Вот, это тебе зеленая зубная щетка с ленточкой. Страшно неадекватное выражение моих чувств.
Прошлый вечер – это было вкуснее шоколада.
Дурак я, ведь раньше думал, что нет ничего лучше шоколада!
В глубоком, символическом жесте я дарю тебе эту плитку шоколада „Вогезы“, которую купил тогда в Эдгартауне. Можешь съесть ее или просто сидеть рядом с ней и чувствовать себя самой лучшей».
Я не писала Гату в ответ, но рисовала карандашами смешные рисуночки, изображая нас: человечки-палочки машут, стоя перед Колизеем, перед Эйфелевой башней, на вершине горы, на спине дракона. Он вешал их над своей кроватью.
Он все время старался дотронуться до меня. Под столом за ужином, на кухне, пока никого не было. Тайно, весело, за спиной у дедушки, пока тот стоял за штурвалом моторной лодки. Я не ощущала преград между нами. Тянулась за его рукой, прижимала большой палец к его запястью и чувствовала, как кровь течет по его венам.
12
Однажды ночью в конце июля лета-номер-пятнадцать я пошла поплавать на маленький пляж. Одна.
Где были Гат, Джонни и Миррен?
Понятия не имею.
Мы часто играли в «Эрудита» в Рэд Гейте. Должно быть, они были там. Или в Клермонте, слушали споры тетушек и поедали крекеры со сливовым повидлом.
В общем, я зашла в воду в майке, лифчике и трусиках. Судя по всему, в таком виде я и пришла на пляж. Мы не нашли другой одежды на песке. И полотенца тоже.
Почему?
Опять же понятия не имею.
Должно быть, я заплыла слишком далеко. Неподалеку от берега возвышались скалы, острые и черные; они всегда выглядели зловеще в ночной тьме. Скорее всего, я нырнула и ударилась головой о край скалы.

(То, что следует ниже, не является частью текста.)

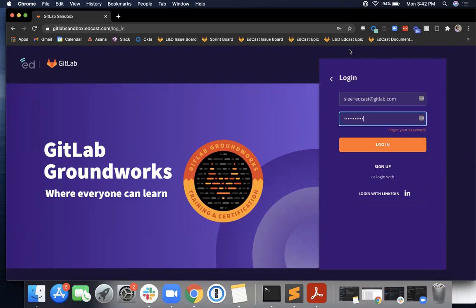This is a quick tutorial video for users of the GitLab EdCast instance, and this training is just going to go through the initial sign-on process for a user when they are logging into the platform for the first time.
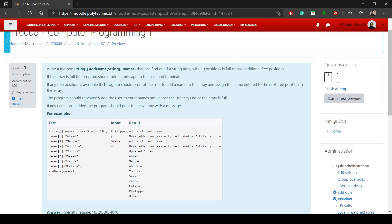If any free position is available, the program should prompt the user to add a name to the array and assign the name entered to the next free position in the array. The program should repeatedly ask the user to enter names until either the user says no or the array is full.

Как я и сказала, понятия не имею.
Помню лишь одно: я нырнула в океан, к каменному дну, и увидела основание острова Бичвуд; мои руки и ноги онемели, пальцам было холодно. Мимо меня проносились водоросли, а я падала все ниже и ниже.
Мамочка обнаружила меня на песке у самого прибоя, свернувшейся в клубок и наполовину под водой. Я вся дрожала. Меня укутали в одеяла. Унесли в Каддлдаун, чтобы я согрелась. Отпаивали чаем и одевали, но я так и не заговорила и не переставала дрожать. И меня отвезли в больницу в Мартас-Винъярде, где я пролежала несколько долгих дней, пока доктора проводили осмотр. Переохлаждение, проблемы с дыханием и, возможно, травма головы, хотя сканирование мозга ничего не показало.
Мама все время была рядом, она сняла номер в отеле. Я помню грустные, серые лица тети Кэрри, Бесс и дедушки. Помню ощущение того, что мои легкие чем-то переполнены, хотя из них уже откачали воду. Помню, как мне казалось, что я никогда уже не согреюсь, даже когда мне сказали, что температура моего тела пришла в норму. Мои руки болели. Ноги болели.